## Work request
Please repeat the whole listing exactly, but leave the pictures out.

## Recorded data
————
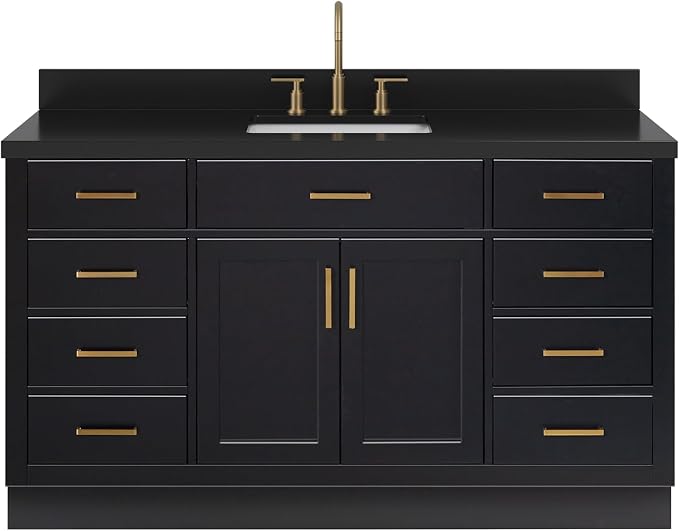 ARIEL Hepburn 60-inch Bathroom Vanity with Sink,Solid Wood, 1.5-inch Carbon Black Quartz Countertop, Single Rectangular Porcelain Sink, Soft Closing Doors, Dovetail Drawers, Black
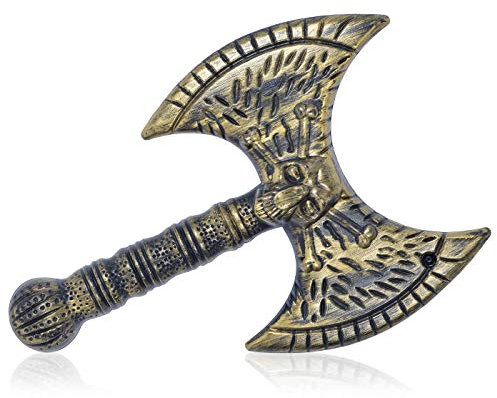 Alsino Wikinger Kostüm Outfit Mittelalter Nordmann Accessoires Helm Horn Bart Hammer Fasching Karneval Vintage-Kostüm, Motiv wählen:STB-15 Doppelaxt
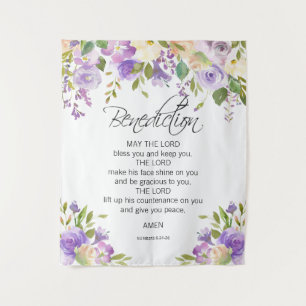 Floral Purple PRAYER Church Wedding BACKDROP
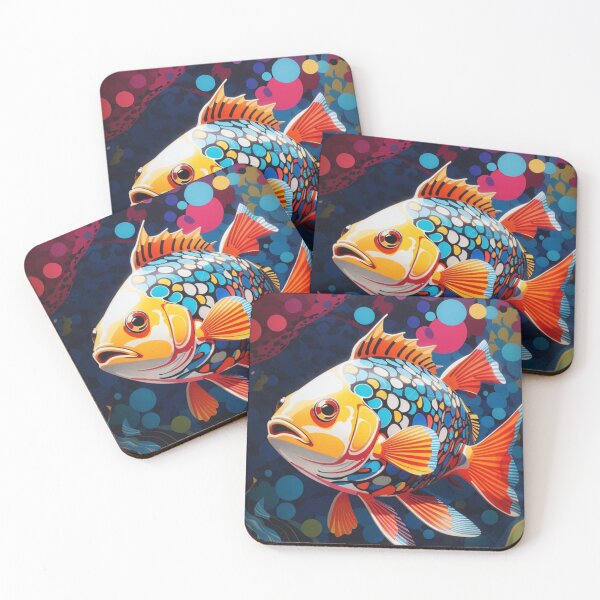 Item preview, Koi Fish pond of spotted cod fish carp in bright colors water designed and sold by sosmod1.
————
## Answer for the task
 ARIEL Hepburn 60-inch Bathroom Vanity with Sink,Solid Wood, 1.5-inch Carbon Black Quartz Countertop, Single Rectangular Porcelain Sink, Soft Closing Doors, Dovetail Drawers, Black
 Alsino Wikinger Kostüm Outfit Mittelalter Nordmann Accessoires Helm Horn Bart Hammer Fasching Karneval Vintage-Kostüm, Motiv wählen:STB-15 Doppelaxt
 Floral Purple PRAYER Church Wedding BACKDROP
 Item preview, Koi Fish pond of spotted cod fish carp in bright colors water designed and sold by sosmod1.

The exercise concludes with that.